Comparing the relationship between Growth Factor Receptors Expression and Cell Area


Rebeca O.
BME PhD student.

Comparing the relationship between Growth Factor Receptors Expression and Cell Area

What data types are you visualizing?

I am visualizing quantitative data of the expression count of the EGFR, PDGFRA and PDGFRB genes for each cell, quantitative data of the area for each cell, and spatial data regarding the x,y centroid positions for each cell. For comparison, the gene expression of each receptor in plotted side by side.

What data encodings are you using to visualize these data types?

I am using the geometric primitive of points to represent the cells. To encode expression count of the growth factor receptor genes, I am using the visual channel of position along the y axis. To encode the area for each cell, I am using the visual channel of position along the x axis. To encode the different receptors, I am using the visual channel of position side-by-side plots (Gestalt principle of proximity and enclosure, by using different plots). To encode the spatial x position, I am using the visual channel of color saturation (from black to light-blue). To encode the spatial y position, I am using the visual channel of size.
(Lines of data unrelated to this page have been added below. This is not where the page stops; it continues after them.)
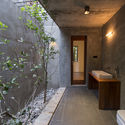 Refugio familiar para Devasiris / Palinda Kannangara Architects - Casas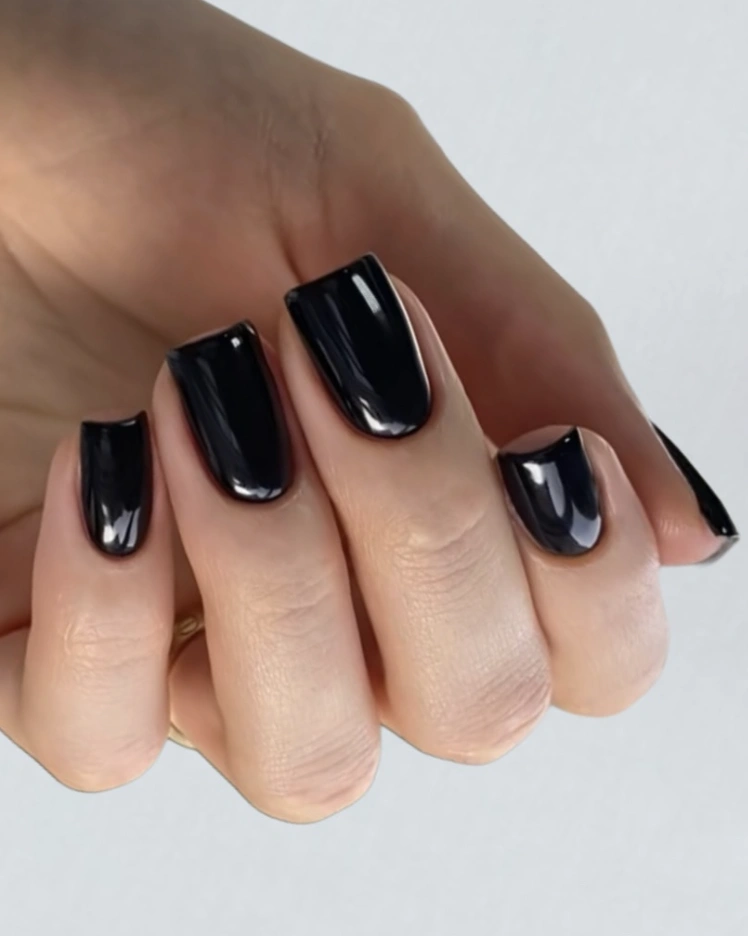 High-Gloss Black Coffin Nails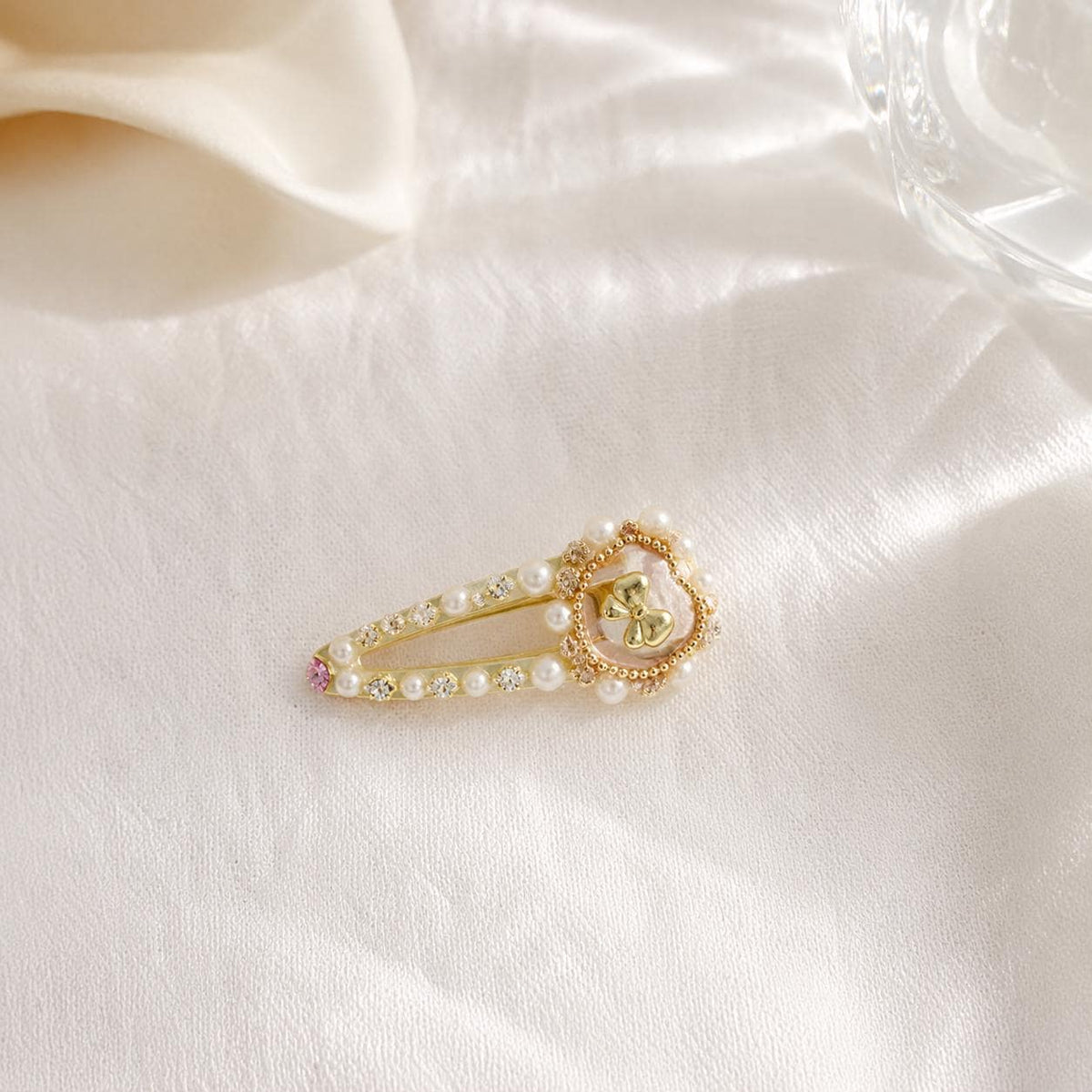 Pearl Heart Bow Hair Clip, Gold Baroque Crystal Barrette, Pink Seashell Snap Clip, Coquette Hair Accessory, Gift for Her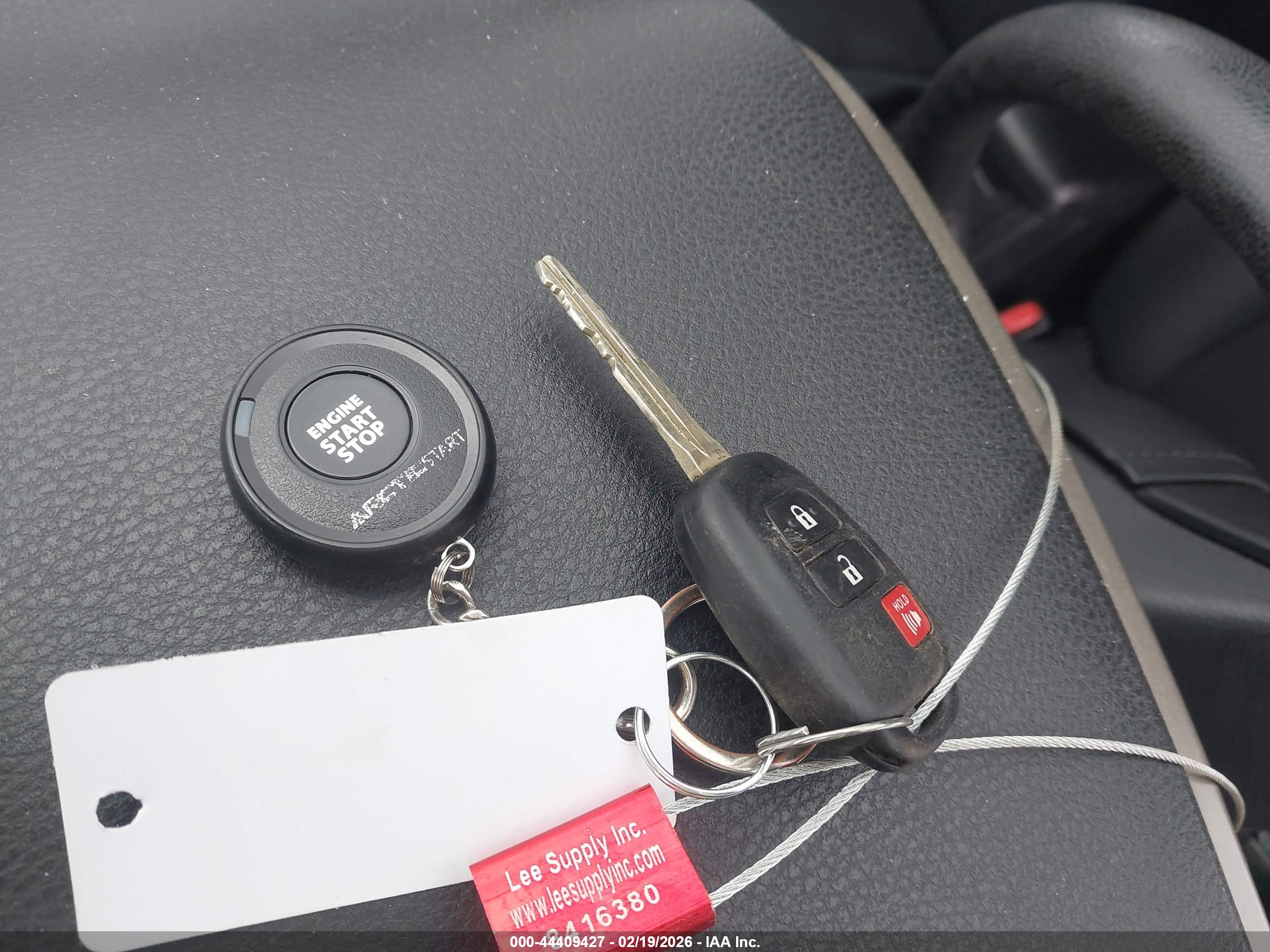 TOYOTA RAV4 image 11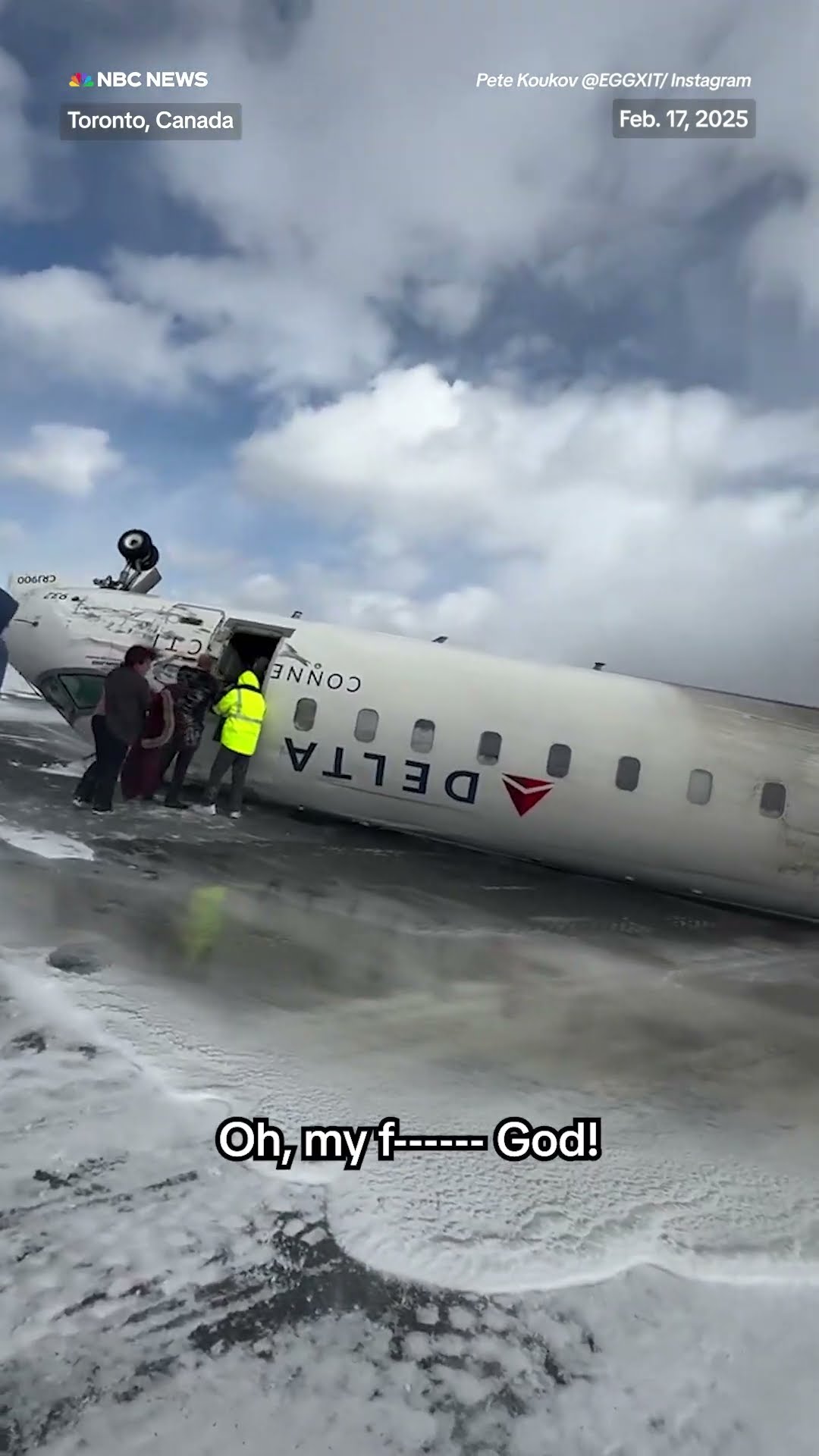 Delta passenger films evacuation after jet overturns on landing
What type of data visualization is this? What about the data are you trying to make salient through this data visualization?

My data visualization seeks to make more salient the different amounts of each receptor expression per cell area.

What Gestalt principles or knowledge about perceptiveness of visual encodings are you using to accomplish this?

I am using the Gestalt principle of proximity to show each receptor gene, and their distribution per cell area.

Code

file <- '~/Desktop/genomic-data-visualization-2023/data/pikachu.csv.gz'
data <- read.csv(file, row.names=1)

#Install and call libraries:

# install.packages("writexl")
# install.packages("reshape2")
# install.packages("tibble")
# install.packages("dplyr")
# library(ggplot2)
# library(dplyr)
# library(reshape2)

# Upload data to data frame:

?read.csv
data <- read.csv('pikachu.csv.gz')

# # Filter and melt data:
new_data2 <- data[,c('x_centroid','y_centroid','area','EGFR','PDGFRA','PDGFRB')]
melted_data <- melt(new_data2,id = c("area", "x_centroid","y_centroid"),variable.name = 'Receptor')

# Visualize data
ggplot(melted_data, aes(x = area, y = value, color = x_centroid, size = y_centroid)) + geom_point() + facet_grid(. ~Receptor) + ylab('Receptor expression') + xlab('Cell area')


References

This work was designed based on the following references: https://rpubs.com/guester/192565 https://sparkbyexamples.com/r-programming/create-dataframe-from-existing-dataframe-in-r/ https://www.statology.org/plot-multiple-columns-in-r/

(do you think my data visualization is effective? why or why not?)